The “Normal” Shape

CO-4: Distinguish among different measurement scales, choose the appropriate descriptive and inferential statistical methods based on these distinctions, and interpret the results.
CO-6: Apply basic concepts of probability, random variation, and commonly used statistical probability distributions.
LO 4.4: Using appropriate graphical displays and/or numerical measures, describe the distribution of a quantitative variable in context: a) describe the overall pattern, b) describe striking deviations from the pattern
LO 4.7: Define and describe the features of the distribution of one quantitative variable (shape, center, spread, outliers).
Video: The Normal Shape (5:34)

Related SAS Tutorials

Related SPSS Tutorials

 The Standard Deviation Rule

LO 6.2: Apply the standard deviation rule to the special case of distributions having the “normal” shape.

In the previous activity we tried to help you develop better intuition about the concept of standard deviation. The rule that we are about to present, called “The Standard Deviation Rule” (also known as “The Empirical Rule”) will hopefully also contribute to building your intuition about this concept.

Consider a symmetric mound-shaped distribution:

A symmetric, mound shaped histogram

For distributions having this shape (later we will define this shape as “normally distributed”), the following rule applies:

The Standard Deviation Rule:

  • Approximately 68% of the observations fall within 1 standard deviation of the mean.
  • Approximately 95% of the observations fall within 2 standard deviations of the mean.
  • Approximately 99.7% (or virtually all) of the observations fall within 3 standard deviations of the mean.

The following picture illustrates this rule:

A symmetric, mound shaped histogram. The mean is located at the mode of the histogram (right in the middle. The middle 68% of observations fall within 1 standard deviation of the mean. This means that the bars on this histogram representing the 68% of the observations closest to the mean are have a value that is at most 1 standard deviation from the mean. 95% of the observations fall within 2 standard deviations of the mean. This encompasses more bars which are further from the mean (center of the histogram) than the center 68% did. Lastly, 99.7% of the observations fall within 3 standard deviations of the mean. Even more bars are selected.

This rule provides another way to interpret the standard deviation of a distribution, and thus also provides a bit more intuition about it.

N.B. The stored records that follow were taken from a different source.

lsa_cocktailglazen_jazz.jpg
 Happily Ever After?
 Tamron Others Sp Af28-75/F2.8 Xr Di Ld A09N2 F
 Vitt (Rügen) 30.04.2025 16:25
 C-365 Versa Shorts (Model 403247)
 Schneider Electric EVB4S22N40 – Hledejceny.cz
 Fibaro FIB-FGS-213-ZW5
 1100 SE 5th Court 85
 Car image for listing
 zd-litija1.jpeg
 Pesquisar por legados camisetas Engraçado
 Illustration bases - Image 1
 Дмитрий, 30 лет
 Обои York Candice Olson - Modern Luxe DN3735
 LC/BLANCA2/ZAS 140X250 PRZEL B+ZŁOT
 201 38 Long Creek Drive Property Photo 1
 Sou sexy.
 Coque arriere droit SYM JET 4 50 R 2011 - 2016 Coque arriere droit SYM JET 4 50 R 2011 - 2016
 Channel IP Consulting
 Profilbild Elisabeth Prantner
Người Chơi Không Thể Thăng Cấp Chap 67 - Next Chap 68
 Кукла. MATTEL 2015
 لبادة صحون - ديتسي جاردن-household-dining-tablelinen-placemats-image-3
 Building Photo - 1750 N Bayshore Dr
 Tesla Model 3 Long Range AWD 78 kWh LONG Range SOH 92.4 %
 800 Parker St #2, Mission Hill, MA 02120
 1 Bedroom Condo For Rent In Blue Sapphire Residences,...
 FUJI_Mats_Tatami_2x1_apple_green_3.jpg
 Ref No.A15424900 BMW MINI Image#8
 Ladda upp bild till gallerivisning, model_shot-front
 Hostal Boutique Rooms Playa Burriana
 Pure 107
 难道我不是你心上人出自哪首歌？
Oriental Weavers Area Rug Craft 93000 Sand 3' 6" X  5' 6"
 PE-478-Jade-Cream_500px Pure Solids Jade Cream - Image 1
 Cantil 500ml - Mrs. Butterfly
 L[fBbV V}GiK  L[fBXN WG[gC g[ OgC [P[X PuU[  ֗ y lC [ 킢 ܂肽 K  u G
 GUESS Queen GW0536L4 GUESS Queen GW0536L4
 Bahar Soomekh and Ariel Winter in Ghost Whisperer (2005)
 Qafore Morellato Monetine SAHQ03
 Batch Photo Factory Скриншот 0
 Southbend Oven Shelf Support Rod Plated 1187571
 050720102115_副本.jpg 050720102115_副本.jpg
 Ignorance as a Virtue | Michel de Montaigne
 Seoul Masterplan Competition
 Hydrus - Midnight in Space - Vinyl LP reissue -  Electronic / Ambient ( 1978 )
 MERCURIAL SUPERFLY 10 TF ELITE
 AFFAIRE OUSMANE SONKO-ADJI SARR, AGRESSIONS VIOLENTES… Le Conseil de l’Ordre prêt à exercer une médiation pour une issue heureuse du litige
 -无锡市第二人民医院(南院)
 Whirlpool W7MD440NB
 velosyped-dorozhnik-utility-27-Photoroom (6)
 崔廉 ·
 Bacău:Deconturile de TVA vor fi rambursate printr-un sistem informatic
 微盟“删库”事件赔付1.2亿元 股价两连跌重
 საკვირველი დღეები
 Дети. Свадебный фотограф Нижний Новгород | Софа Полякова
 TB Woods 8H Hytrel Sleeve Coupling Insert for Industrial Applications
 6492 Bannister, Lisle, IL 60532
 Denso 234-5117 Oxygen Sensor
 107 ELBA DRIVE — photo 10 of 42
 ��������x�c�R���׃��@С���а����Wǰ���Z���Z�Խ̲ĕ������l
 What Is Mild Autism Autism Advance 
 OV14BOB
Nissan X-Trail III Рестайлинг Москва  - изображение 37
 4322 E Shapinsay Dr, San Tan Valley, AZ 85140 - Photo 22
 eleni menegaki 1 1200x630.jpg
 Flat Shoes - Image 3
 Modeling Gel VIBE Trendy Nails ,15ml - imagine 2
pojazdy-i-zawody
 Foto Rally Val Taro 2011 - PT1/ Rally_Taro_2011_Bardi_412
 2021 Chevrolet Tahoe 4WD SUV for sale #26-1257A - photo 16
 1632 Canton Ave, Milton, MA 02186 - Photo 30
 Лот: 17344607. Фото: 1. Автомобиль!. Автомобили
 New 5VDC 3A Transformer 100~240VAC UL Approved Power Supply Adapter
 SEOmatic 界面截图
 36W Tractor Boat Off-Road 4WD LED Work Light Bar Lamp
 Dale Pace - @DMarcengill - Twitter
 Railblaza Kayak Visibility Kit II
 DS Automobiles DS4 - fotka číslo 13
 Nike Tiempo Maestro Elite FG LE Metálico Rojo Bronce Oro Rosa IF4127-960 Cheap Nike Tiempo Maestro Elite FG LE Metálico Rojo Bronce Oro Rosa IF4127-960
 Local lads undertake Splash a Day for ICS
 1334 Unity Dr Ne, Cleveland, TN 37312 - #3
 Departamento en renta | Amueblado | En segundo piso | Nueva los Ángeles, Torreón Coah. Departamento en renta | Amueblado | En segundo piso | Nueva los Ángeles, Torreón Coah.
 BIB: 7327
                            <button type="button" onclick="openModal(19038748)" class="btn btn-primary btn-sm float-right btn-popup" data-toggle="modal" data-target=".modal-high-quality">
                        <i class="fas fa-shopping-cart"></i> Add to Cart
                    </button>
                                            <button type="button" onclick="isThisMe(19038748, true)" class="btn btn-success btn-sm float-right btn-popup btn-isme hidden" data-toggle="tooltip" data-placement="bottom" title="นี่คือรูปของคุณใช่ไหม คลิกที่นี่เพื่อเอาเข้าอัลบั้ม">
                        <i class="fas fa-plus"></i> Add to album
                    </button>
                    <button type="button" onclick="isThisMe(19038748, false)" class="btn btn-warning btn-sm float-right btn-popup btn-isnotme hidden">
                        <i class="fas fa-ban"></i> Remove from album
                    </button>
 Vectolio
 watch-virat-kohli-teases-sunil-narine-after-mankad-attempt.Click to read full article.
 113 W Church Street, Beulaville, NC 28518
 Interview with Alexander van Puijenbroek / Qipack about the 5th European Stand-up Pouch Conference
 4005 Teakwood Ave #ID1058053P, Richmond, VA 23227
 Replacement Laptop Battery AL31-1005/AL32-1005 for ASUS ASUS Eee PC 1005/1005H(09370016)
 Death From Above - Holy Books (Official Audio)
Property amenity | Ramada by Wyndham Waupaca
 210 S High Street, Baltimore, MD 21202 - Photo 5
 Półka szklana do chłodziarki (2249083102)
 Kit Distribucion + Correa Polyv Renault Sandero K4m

Interactive Applet: The Standard Deviation Rule 

To see how this rule works in practice, consider the following example:

EXAMPLE: Male Height

The following histogram represents height (in inches) of 50 males. Note that the data are roughly normal, so we would like to see how the Standard Deviation Rule works for this example.

A symmetric histogram. The vertical axis is labeled "Frequency" and ranges from 0 to 7. The horizontal axis is labeled "Height" and ranges from 64 to 72. The mode of the histogram is at around x=71, y=7.

Below are the actual data, and the numerical measures of the distribution. Note that the key players here, the mean and standard deviation, have been highlighted.

Actual Data. "(" Denotes the start of the 2nd standard deviation, and ")" denotes the end. "[" denotes the start of the 1st standard deviation, and "]" denotes the end. Data: 64 (66 66 67 67 67 67 [68 68 68 68 68 68 69 69 69 69 69 70 70 70 70 70 70 70 71 71 71 71 71 71 71 72 72 72 72 72 72 73 73 73] 74 74 74 74 74 75 76 76) 77

Statistic Height
N 50
Mean 70.58
StDev 2.858
min 64
Q1 68
Median 70.5
Q3 72
Max 77

To see how well the Standard Deviation Rule works for this case, we will find what percentage of the observations falls within 1, 2, and 3 standard deviations from the mean, and compare it to what the Standard Deviation Rule tells us this percentage should be.

mean-SD=67.7, and mean+SD=73.4, so this 1st deviation captures 34 out of 50 observations = 68%. The SD rule says 68% also. mean-2(SD) = 64.9 and mean+2(SD)=76.3, which encompasses 48 out of 50 observations = 96%. The SD rule says 95%. Mean-3(SD)=62, and mean+3(SD)=79.2, which captures all of the observations = 100%. The SD rule says 99.7%

It turns out the Standard Deviation Rule works very well in this example.

The following example illustrates how we can apply the Standard Deviation Rule to variables whose distribution is known to be approximately normal.

EXAMPLE: Length of Human Pregnancy

The length of the human pregnancy is not fixed. It is known that it varies according to a distribution which is roughly normal, with a mean of 266 days, and a standard deviation of 16 days. (Source: Figures are from Moore and McCabe, Introduction to the Practice of Statistics).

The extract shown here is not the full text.